____ DATA FOR REVIEW

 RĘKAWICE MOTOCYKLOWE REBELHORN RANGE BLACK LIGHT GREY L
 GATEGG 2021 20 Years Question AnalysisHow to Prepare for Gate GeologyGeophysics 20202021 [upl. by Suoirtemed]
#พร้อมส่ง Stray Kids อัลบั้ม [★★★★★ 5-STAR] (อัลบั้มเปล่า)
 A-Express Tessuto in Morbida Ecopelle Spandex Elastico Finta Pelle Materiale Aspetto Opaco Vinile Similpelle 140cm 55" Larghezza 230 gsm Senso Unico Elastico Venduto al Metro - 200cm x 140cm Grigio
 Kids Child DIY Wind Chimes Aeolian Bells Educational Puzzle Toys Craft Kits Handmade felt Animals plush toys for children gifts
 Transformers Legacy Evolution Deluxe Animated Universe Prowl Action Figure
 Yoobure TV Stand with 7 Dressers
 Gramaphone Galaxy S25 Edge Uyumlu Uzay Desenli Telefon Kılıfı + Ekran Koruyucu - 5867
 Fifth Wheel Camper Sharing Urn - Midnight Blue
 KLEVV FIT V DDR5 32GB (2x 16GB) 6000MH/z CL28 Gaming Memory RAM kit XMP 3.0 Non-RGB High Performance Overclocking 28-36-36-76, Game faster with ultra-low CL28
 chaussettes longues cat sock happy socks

________
____ DATA FOR REVIEW

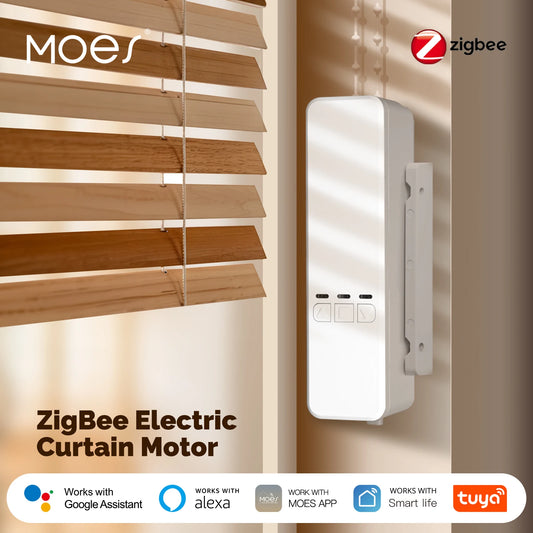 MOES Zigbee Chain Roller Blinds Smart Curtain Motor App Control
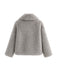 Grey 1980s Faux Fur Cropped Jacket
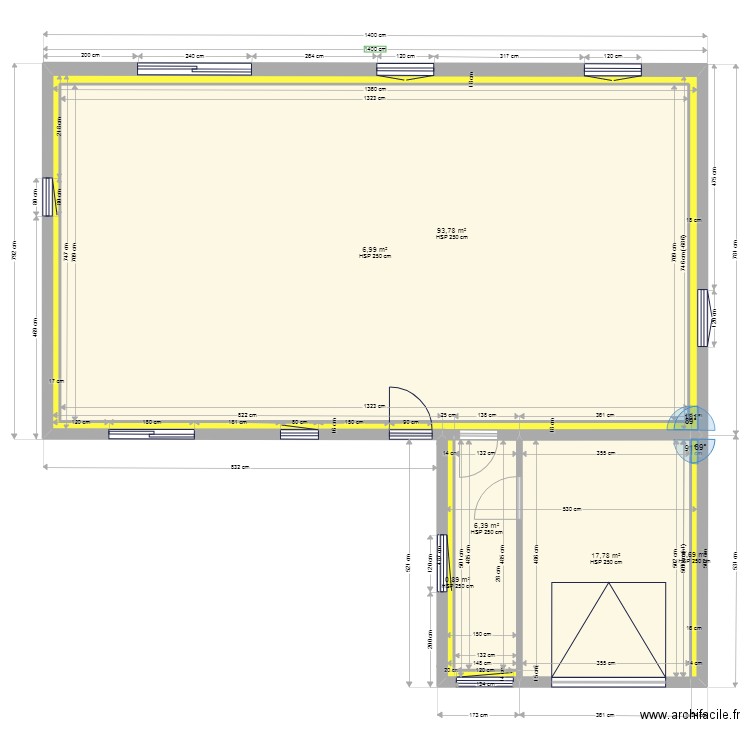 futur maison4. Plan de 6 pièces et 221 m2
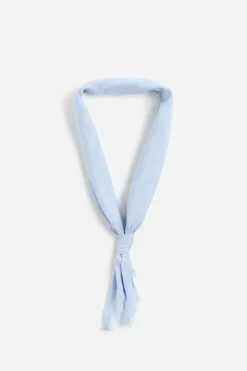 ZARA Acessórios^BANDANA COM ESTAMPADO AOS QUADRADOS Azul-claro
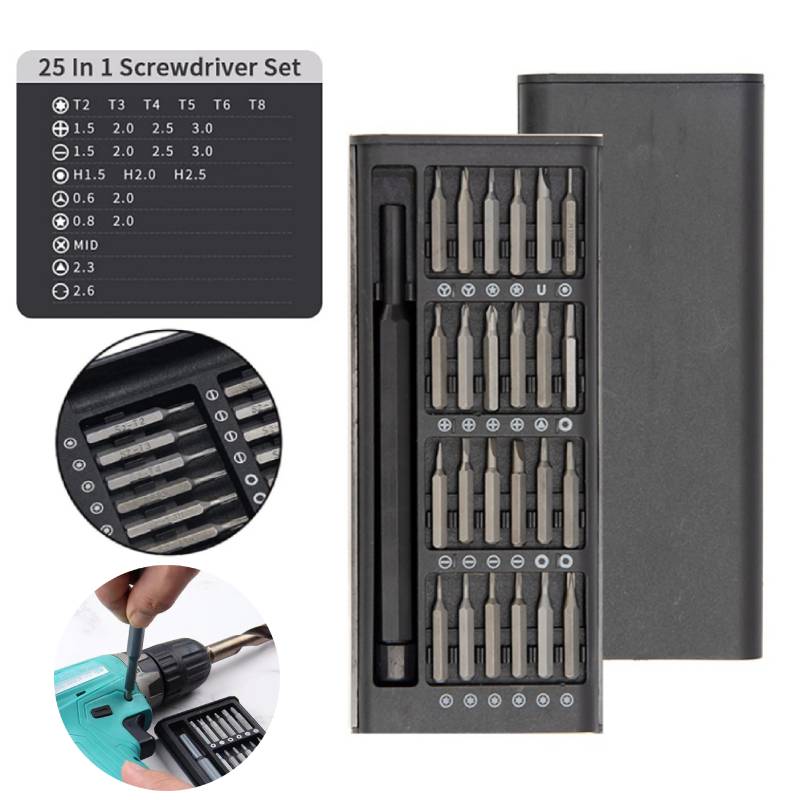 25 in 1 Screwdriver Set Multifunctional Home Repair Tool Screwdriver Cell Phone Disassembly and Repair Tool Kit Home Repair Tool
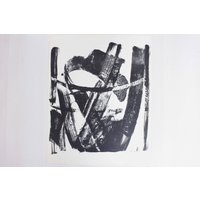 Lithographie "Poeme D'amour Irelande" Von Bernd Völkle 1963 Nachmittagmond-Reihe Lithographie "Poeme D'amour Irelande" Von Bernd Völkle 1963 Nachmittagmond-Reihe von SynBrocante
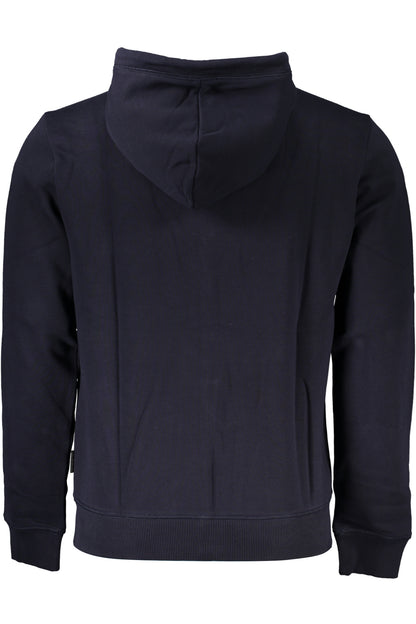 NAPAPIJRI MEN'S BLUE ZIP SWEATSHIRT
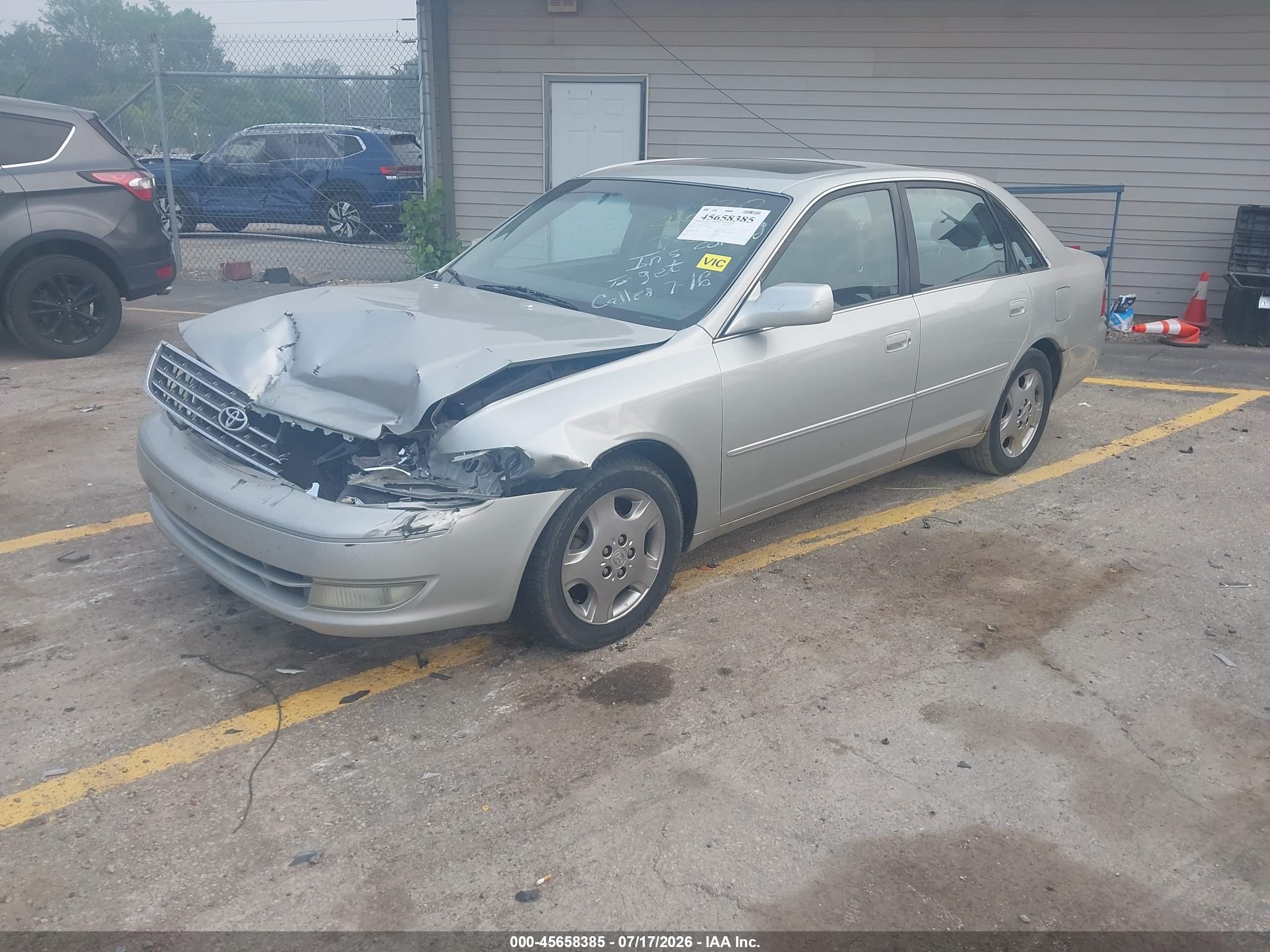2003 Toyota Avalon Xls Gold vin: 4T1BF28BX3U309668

________

◆ THE TASK
Find the line with "#พร้อมส่ง Stray Kids" in the material above. Reproduce it and each line after it up to and including the line with "chaussettes longues cat sock happy socks".

◆ ANSWER SECTION
#พร้อมส่ง Stray Kids อัลบั้ม [★★★★★ 5-STAR] (อัลบั้มเปล่า)
 A-Express Tessuto in Morbida Ecopelle Spandex Elastico Finta Pelle Materiale Aspetto Opaco Vinile Similpelle 140cm 55" Larghezza 230 gsm Senso Unico Elastico Venduto al Metro - 200cm x 140cm Grigio
 Kids Child DIY Wind Chimes Aeolian Bells Educational Puzzle Toys Craft Kits Handmade felt Animals plush toys for children gifts
 Transformers Legacy Evolution Deluxe Animated Universe Prowl Action Figure
 Yoobure TV Stand with 7 Dressers
 Gramaphone Galaxy S25 Edge Uyumlu Uzay Desenli Telefon Kılıfı + Ekran Koruyucu - 5867
 Fifth Wheel Camper Sharing Urn - Midnight Blue
 KLEVV FIT V DDR5 32GB (2x 16GB) 6000MH/z CL28 Gaming Memory RAM kit XMP 3.0 Non-RGB High Performance Overclocking 28-36-36-76, Game faster with ultra-low CL28
 chaussettes longues cat sock happy socks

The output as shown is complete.